━━━ RECORDS PROVIDED

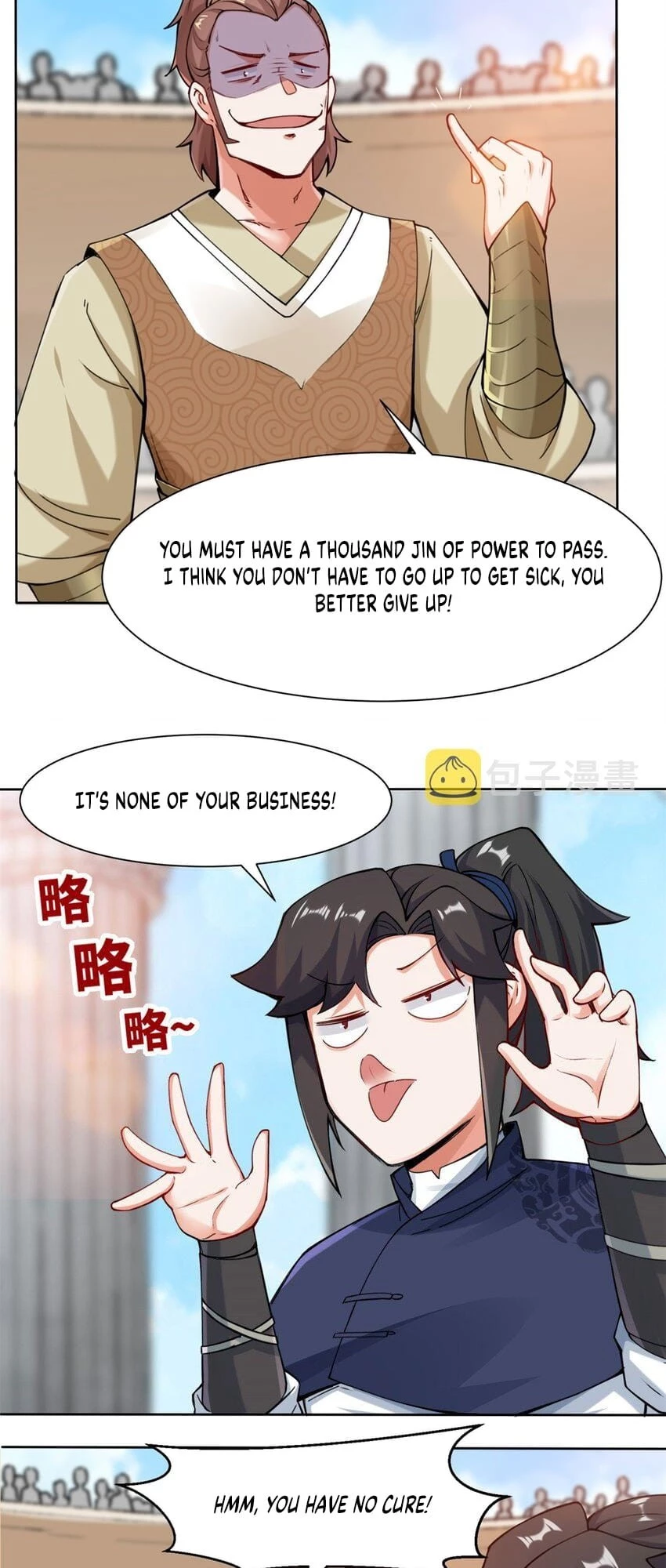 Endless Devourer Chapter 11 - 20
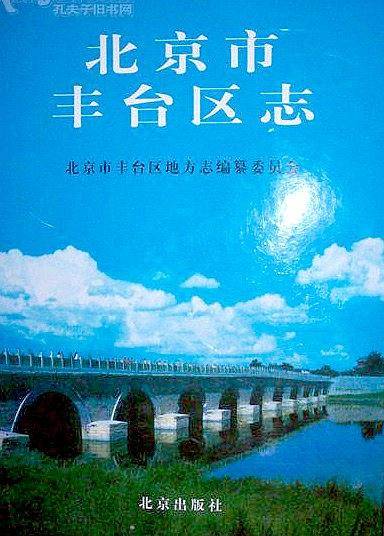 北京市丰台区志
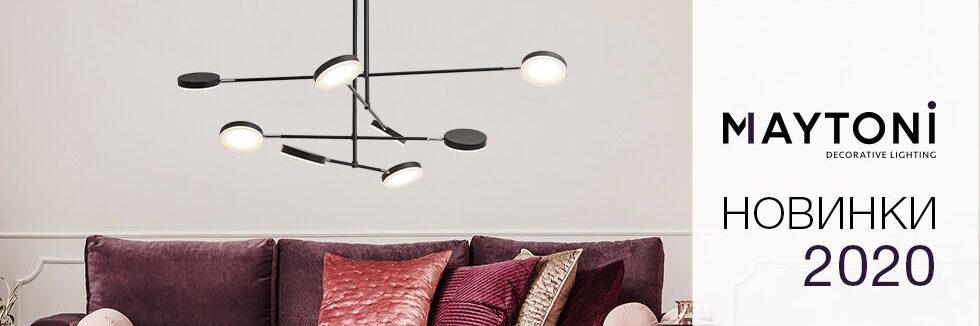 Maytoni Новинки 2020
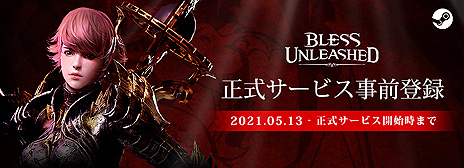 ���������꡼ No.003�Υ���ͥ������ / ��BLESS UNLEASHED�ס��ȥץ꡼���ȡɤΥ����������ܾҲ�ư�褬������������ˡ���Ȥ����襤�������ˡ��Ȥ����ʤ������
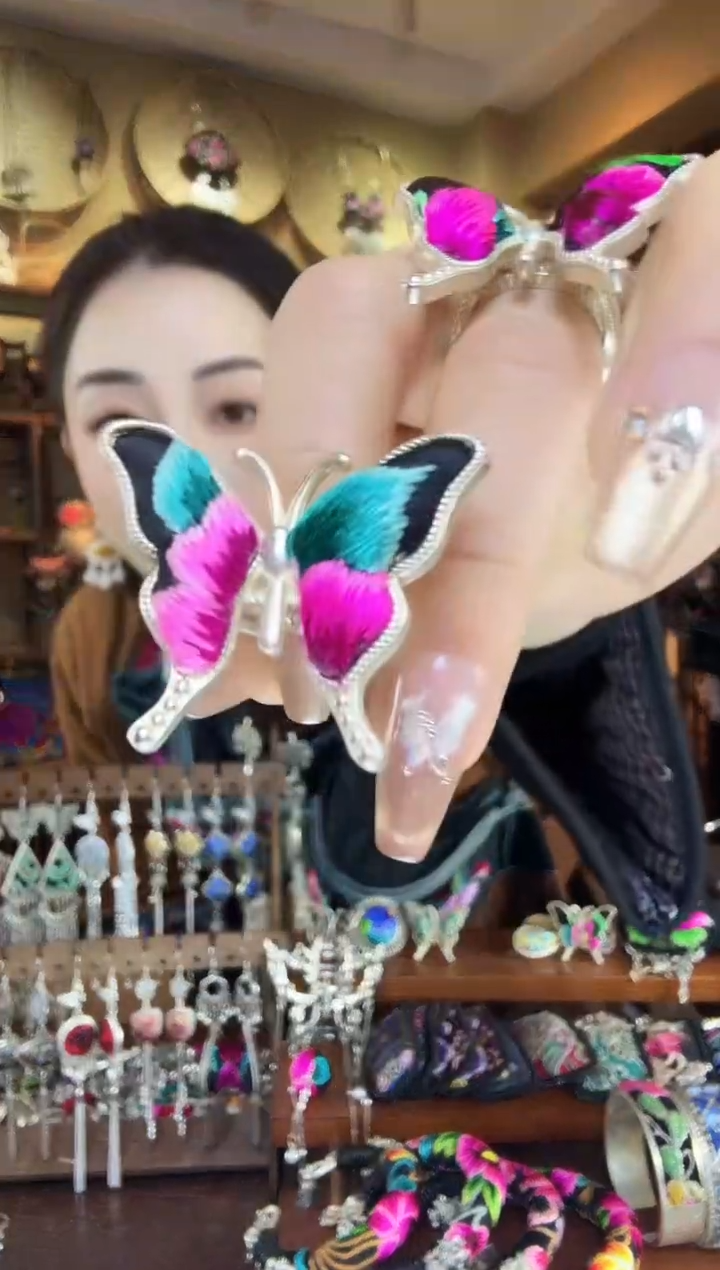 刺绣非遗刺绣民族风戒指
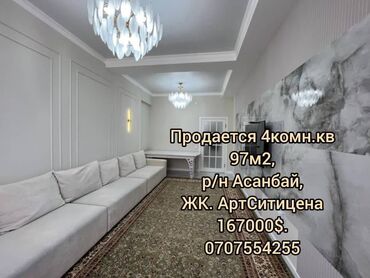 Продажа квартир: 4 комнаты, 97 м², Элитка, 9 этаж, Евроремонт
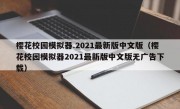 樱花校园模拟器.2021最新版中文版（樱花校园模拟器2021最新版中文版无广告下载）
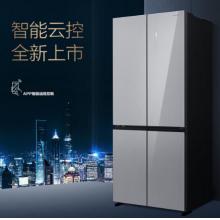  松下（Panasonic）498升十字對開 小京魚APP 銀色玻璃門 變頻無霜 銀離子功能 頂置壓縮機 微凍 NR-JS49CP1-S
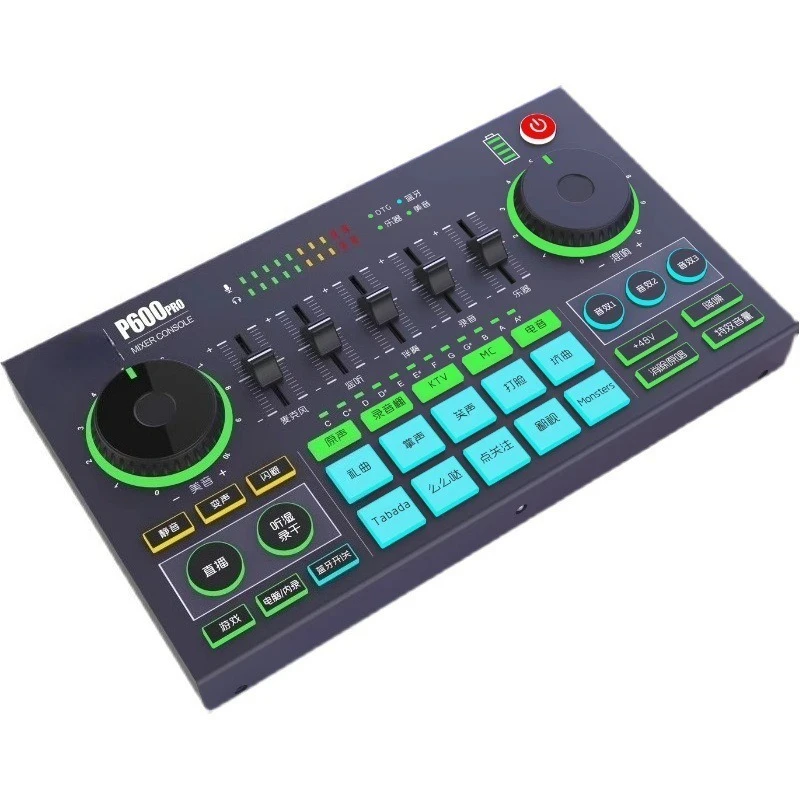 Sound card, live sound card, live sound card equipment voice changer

━━━━━━

ABOUT THIS TASK
Everything in the entries must come back exactly, except the pictures.

EXERCISE RESULT
 Endless Devourer Chapter 11 - 20
 北京市丰台区志
 Maytoni Новинки 2020
 ���������꡼ No.003�Υ���ͥ������ / ��BLESS UNLEASHED�ס��ȥץ꡼���ȡɤΥ����������ܾҲ�ư�褬������������ˡ���Ȥ����襤�������ˡ��Ȥ����ʤ������
 刺绣非遗刺绣民族风戒指
 Продажа квартир: 4 комнаты, 97 м², Элитка, 9 этаж, Евроремонт
 樱花校园模拟器.2021最新版中文版（樱花校园模拟器2021最新版中文版无广告下载）
  松下（Panasonic）498升十字對開 小京魚APP 銀色玻璃門 變頻無霜 銀離子功能 頂置壓縮機 微凍 NR-JS49CP1-S
 Sound card, live sound card, live sound card equipment voice changer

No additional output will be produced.